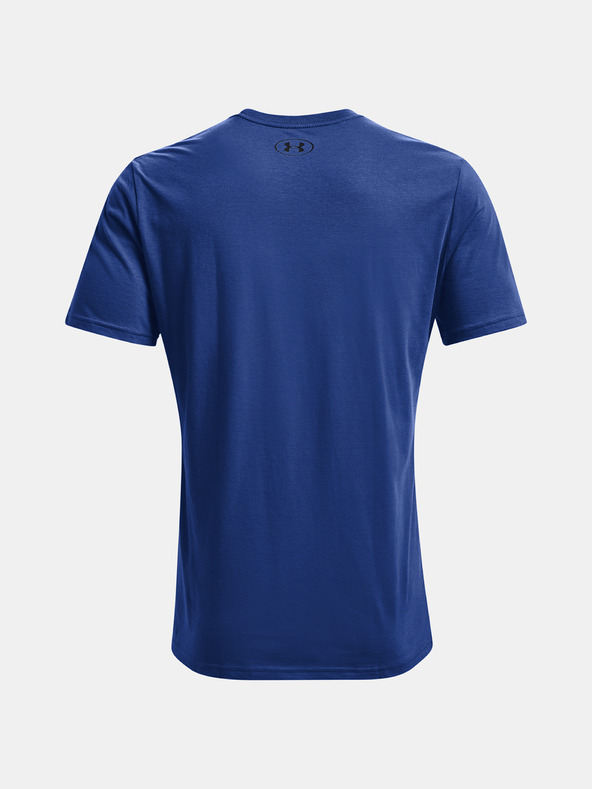 Under Armour Muška majica Under Armour UA GL Foundation SS T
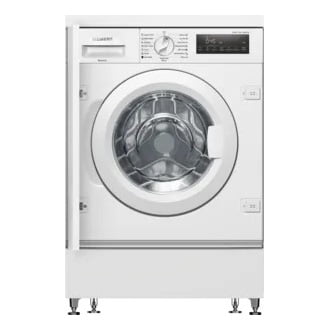 Pralka WI14W542EU otwierana od frontu iQ700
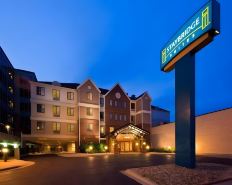 SpringHill Suites Rochester Mayo Clinic Area/Saint Marys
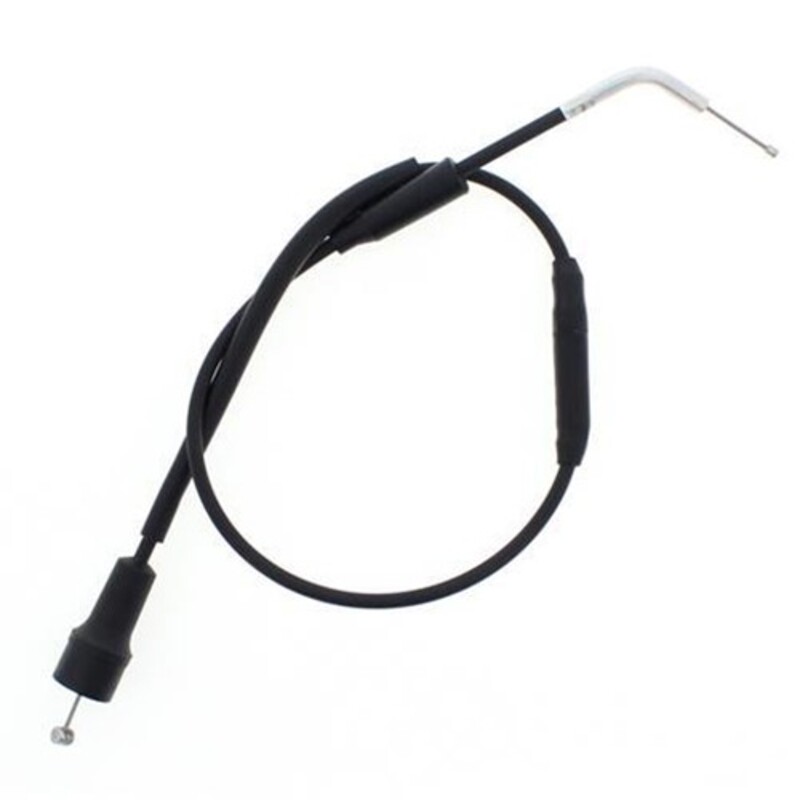 Cable de gas (tiro y retorno) ALL BALLS 45-1107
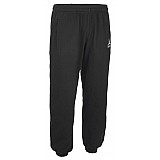 Спортивні штани SELECT Ultimate sweat pants, unisex  чорний, L фото товару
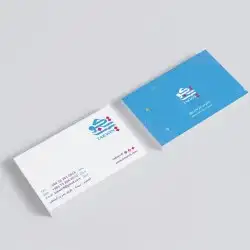 طباعة مجلات طباعة ستيكر ستكرات بروفايل فولدر بوستر فود تراك 4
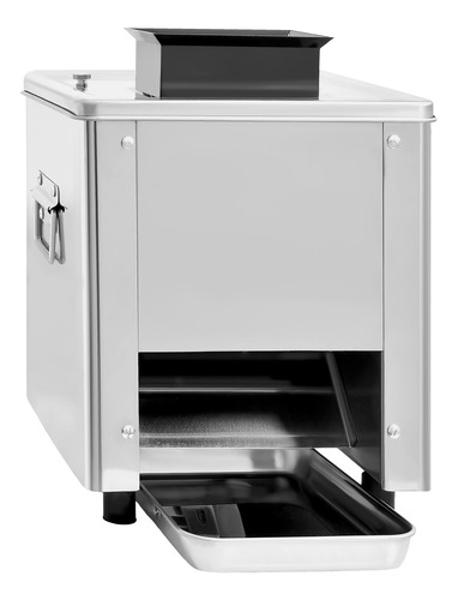 Maquina Cortadora Rebanadora Carne Hueso 130kg 850w Gutstark Home
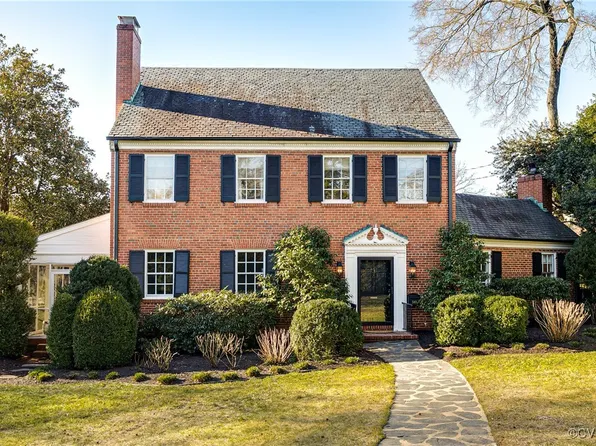 5401 Cary Street Rd, Richmond, VA 23226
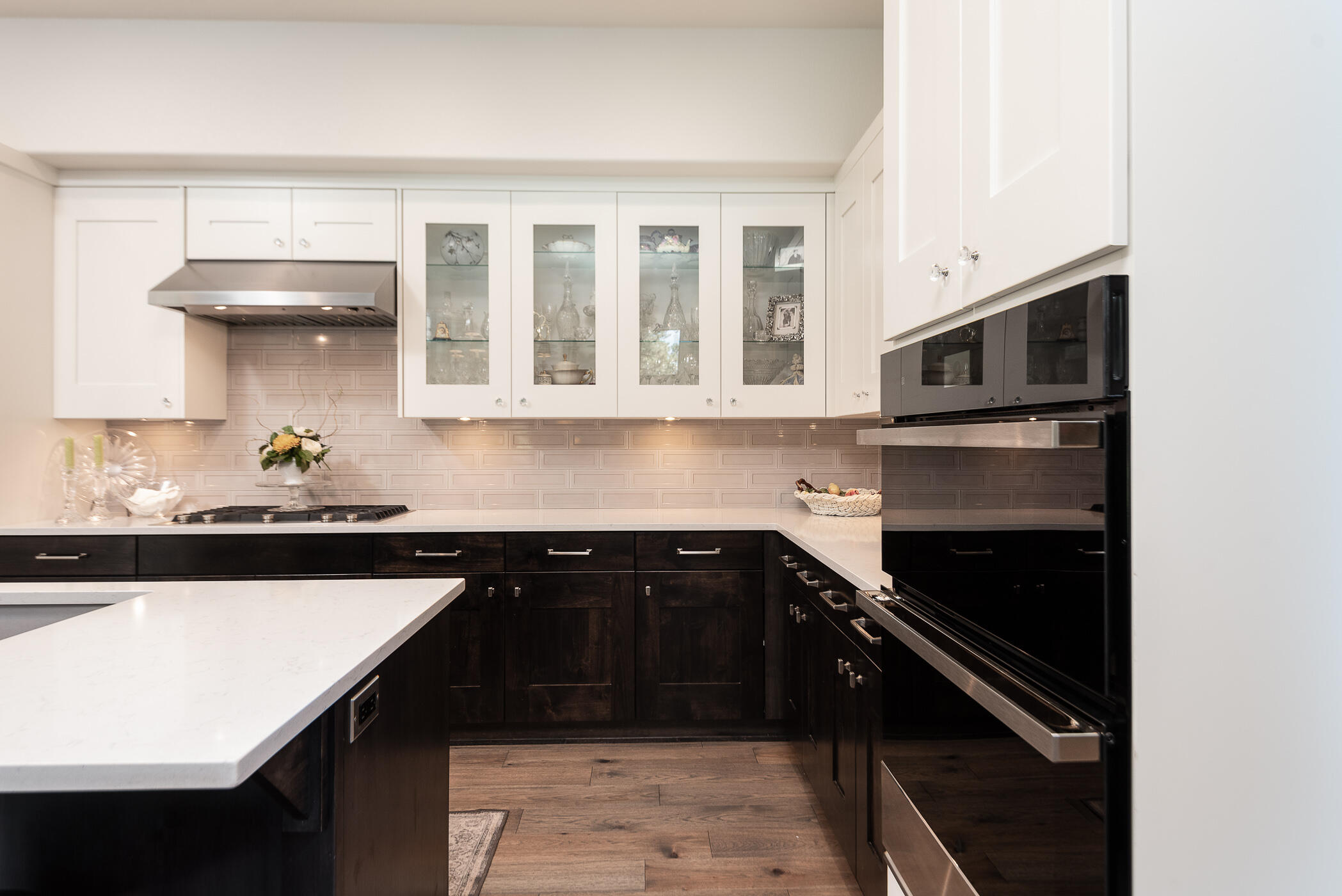 Milepost 1 - Residential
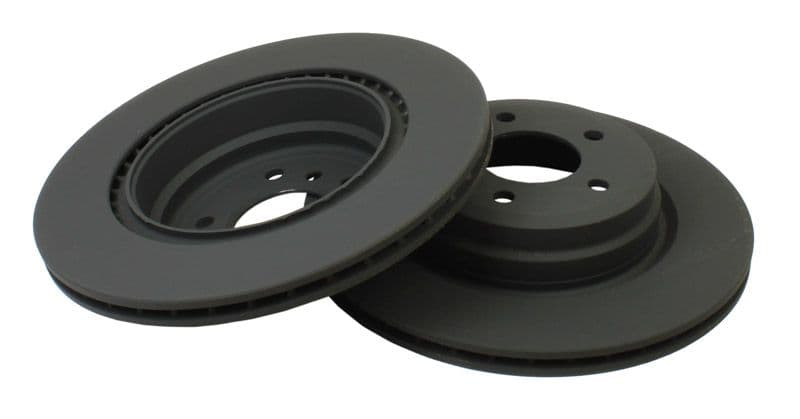 Disc frana QUARO QD3265HC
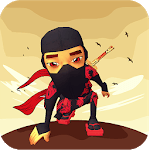 Ninja Samurai Revenge 2019 for PC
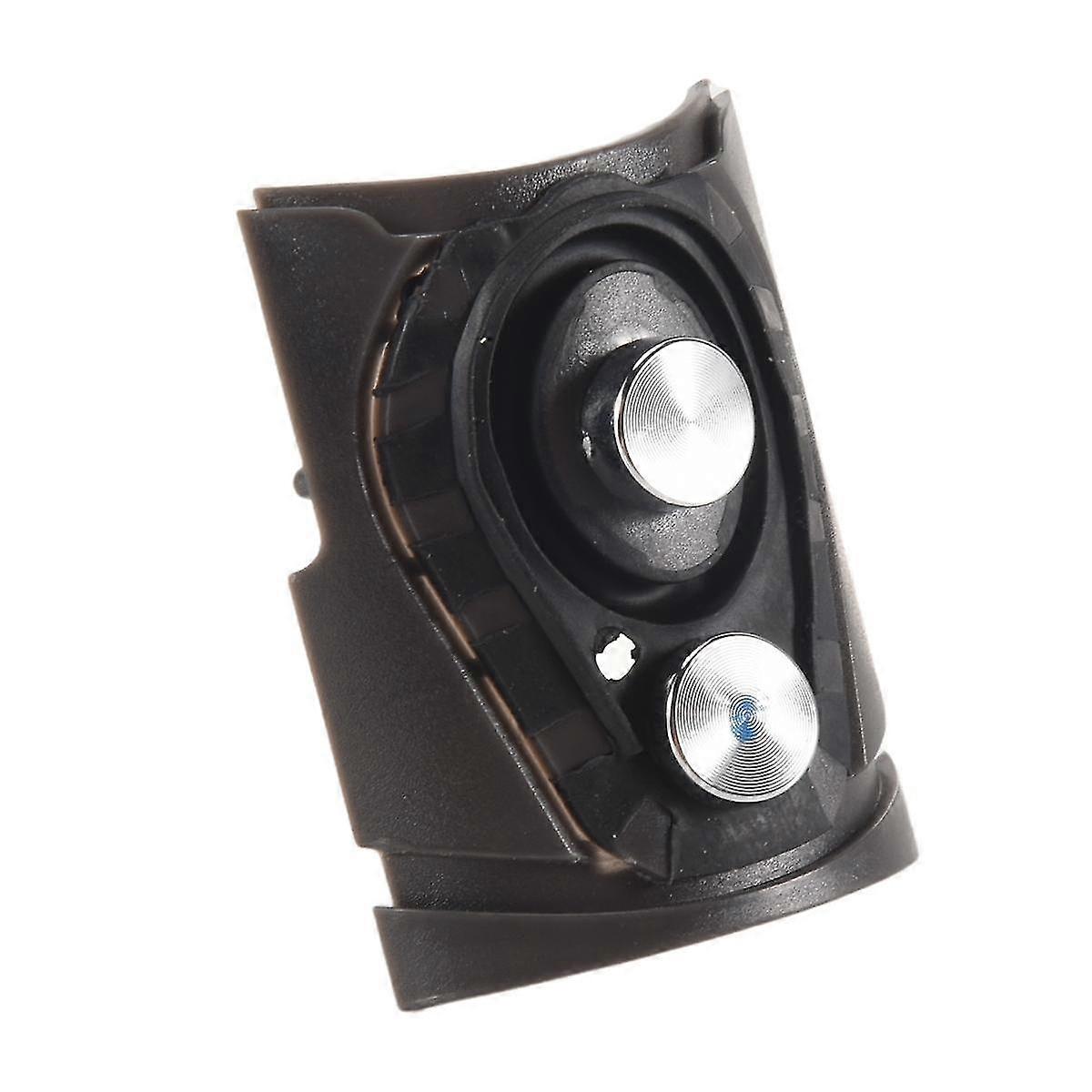 For Supersonic Hair Dryer HD01/HD02/HD03 Universal Power Switch Button Button Rubber Pad Replacement Parts 1Set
· · · ·
Leaving aside every picture, transcribe exactly the lines that run from the one with "طباعة مجلات طباعة" to the close of the listing above.

_Exercise answer_
 طباعة مجلات طباعة ستيكر ستكرات بروفايل فولدر بوستر فود تراك 4
 Maquina Cortadora Rebanadora Carne Hueso 130kg 850w Gutstark Home
 5401 Cary Street Rd, Richmond, VA 23226
 Milepost 1 - Residential
 Disc frana QUARO QD3265HC
 Ninja Samurai Revenge 2019 for PC
 For Supersonic Hair Dryer HD01/HD02/HD03 Universal Power Switch Button Button Rubber Pad Replacement Parts 1Set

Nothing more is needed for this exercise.